El plan concibe que la revolución interna y la reingeniería solo serán posibles con la investigación científica y el desarrollo tecnológico orientados a una sustitución de importaciones que rompa con la dependencia y asegure las operaciones medulares de la actividad productiva de hidrocarburos. 

Los focos de atención de la ruptura de la dependencia serán los nudos críticos de la actividad productiva de hidrocarburos, mediante la reconversión y actualización tecnológica de la industria petrolera, fomentando la investigación, innovación y alianzas estratégicas con actores nacionales y países no hostiles para la producción local de partes, piezas e insumos. 

La ruptura estará acompañada del desarrollo tecnológico del Plan Sectorial de Hidrocarburos, bajo los principios de independencia y soberanía, maximizando el uso de tecnologías nacionales y las generadas mediante alianzas geopolíticas estratégicas, para adecuar el patrón tecnológico, de explotación, refinación y transporte a las calidades de nuestros hidrocarburos. 

Para ello, las Siete T se proponen ejercer control efectivo de las actividades conexas estratégicas de la industria petrolera, desarrollando los procesos industriales y de innovación para la producción soberana de los insumos y servicios neurálgicos e imprescindibles demandados para la exploración, explotación, transporte, almacenaje y refinación de hidrocarburos.

La consolidación de tal estrategia se hará mediante el control efectivo de las actividades claves de la cadena de valor de hidrocarburos, promoviendo el desarrollo de cadenas productivas desde la producción de gas hasta la petroquímica en esquemas integrados, y la conformación de empresas mixtas y estatales asociadas a la generación de valor de la refinación y procesamiento aguas debajo de los hidrocarburos. 

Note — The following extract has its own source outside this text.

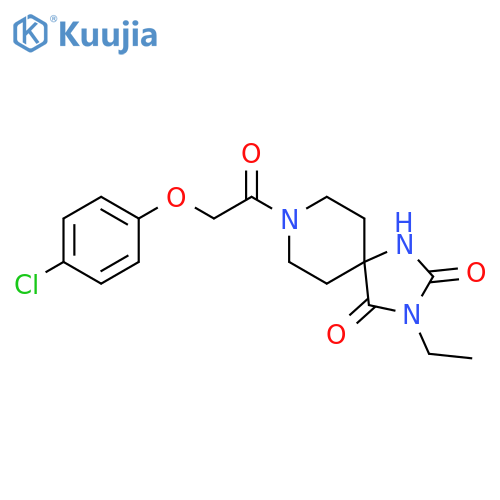 8-[2-(4-chlorophenoxy)acetyl]-3-ethyl-1,3,8-triazaspiro[4.5]decane-2,4-dione structure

Transversal al proyecto está la idea de asegurar la participación activa del Pueblo, de las y los trabajadores petroleros y mineros en la defensa de los recursos naturales estratégicos de la nación. 

El Plan asume que las Siete T serán inalcanzables sin la consolidación de la máxima pertenencia y apego de las y los trabajadores. En esa dirección habrá una profundización del contenido político y social de la  industria petrolera y minera, implementando modelos de gestión que maximicen el sentido de pertenencia y apego de las y los trabajadores, así como planes de formación ética, política e ideológica. 

De allí que uno de sus objetivos será la planificación participativa, consciente, con las y los trabajadores de la industria petrolera y minera, creando espacios para la discusión, concientización, formación y seguimiento de planes y políticas estratégicas sobre la actividad petrolera y minera, que facilite y asegure el éxito de su implementación. 

Se profundizarán las instancias de participación vinculante del pueblo y de las y los trabajadores petroleros y mineros en la formulación de los planes sectoriales correspondientes, sobre líneas estratégicas y acciones coyunturales y de mediano plazo, garantizando la mayor conciencia política, defensa de la soberanía e interés nacional. 

El Plan garantiza la hegemonía del Estado sobre la producción nacional de petróleo y la participación mayoritaria de Pdvsa en las empresas mixtas y en esa línea fortalecerá las estrategias de contingencia en el sector de hidrocarburos, minería y gas, que incorporen la participación del Poder Popular para contrarrestar posibles sabotajes, con vigilancia de las actividades críticas de la industria petrolera, identificando nudos críticos más vulnerables y proponiendo medidas, acciones y proyectos para su blindaje ante situaciones de carácter extraordinario.